-- RECORDS TO USE --

______________________________

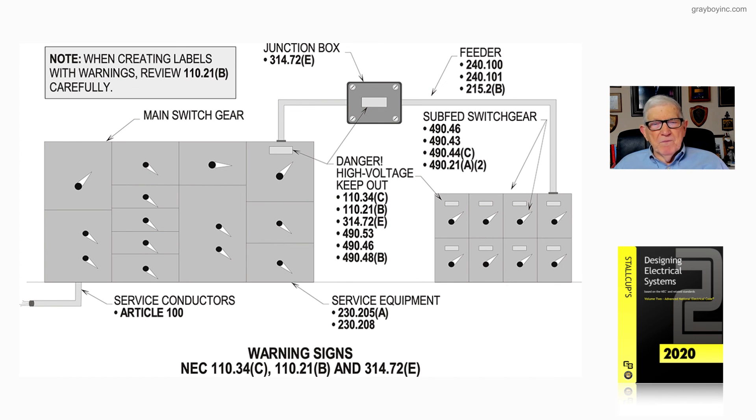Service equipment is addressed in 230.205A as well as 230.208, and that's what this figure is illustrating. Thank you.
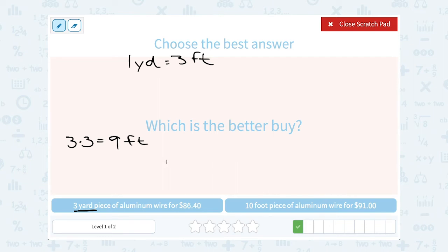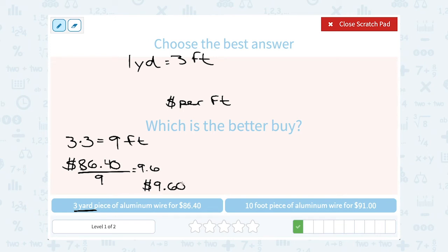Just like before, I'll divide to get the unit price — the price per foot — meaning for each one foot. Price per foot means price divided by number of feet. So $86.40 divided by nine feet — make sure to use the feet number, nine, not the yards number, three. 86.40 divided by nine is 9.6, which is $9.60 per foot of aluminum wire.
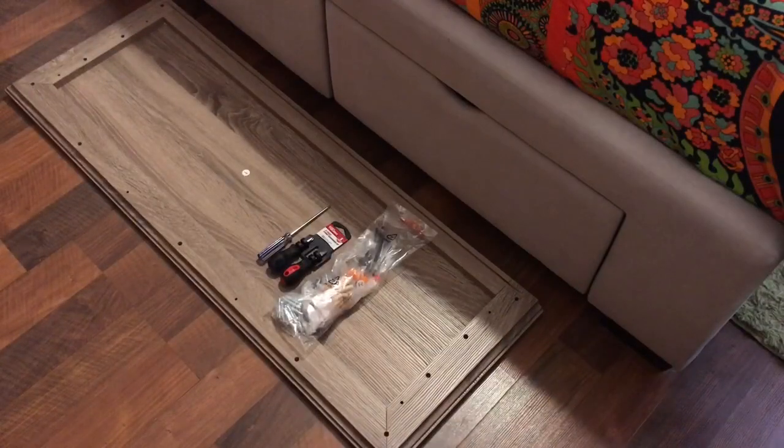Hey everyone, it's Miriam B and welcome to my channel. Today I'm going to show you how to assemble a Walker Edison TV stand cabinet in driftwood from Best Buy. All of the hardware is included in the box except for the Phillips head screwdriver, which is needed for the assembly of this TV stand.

______________________________

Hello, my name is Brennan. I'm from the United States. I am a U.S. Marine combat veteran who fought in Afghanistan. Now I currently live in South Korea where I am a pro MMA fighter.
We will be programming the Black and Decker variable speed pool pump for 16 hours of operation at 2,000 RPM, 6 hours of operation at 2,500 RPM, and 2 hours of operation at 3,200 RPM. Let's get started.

______________________________

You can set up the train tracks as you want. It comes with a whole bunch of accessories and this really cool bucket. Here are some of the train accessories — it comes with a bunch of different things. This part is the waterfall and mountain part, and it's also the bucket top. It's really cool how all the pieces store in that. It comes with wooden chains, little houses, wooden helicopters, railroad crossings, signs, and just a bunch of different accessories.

______________________________

-- TASK INSTRUCTIONS --
Set down only the lines above that fall between the line holding "Hello, my name" and the line holding "We will be programming", inclusive, keeping each exact.

-- OUTPUT FOR THIS EXERCISE --
Hello, my name is Brennan. I'm from the United States. I am a U.S. Marine combat veteran who fought in Afghanistan. Now I currently live in South Korea where I am a pro MMA fighter.
We will be programming the Black and Decker variable speed pool pump for 16 hours of operation at 2,000 RPM, 6 hours of operation at 2,500 RPM, and 2 hours of operation at 3,200 RPM. Let's get started.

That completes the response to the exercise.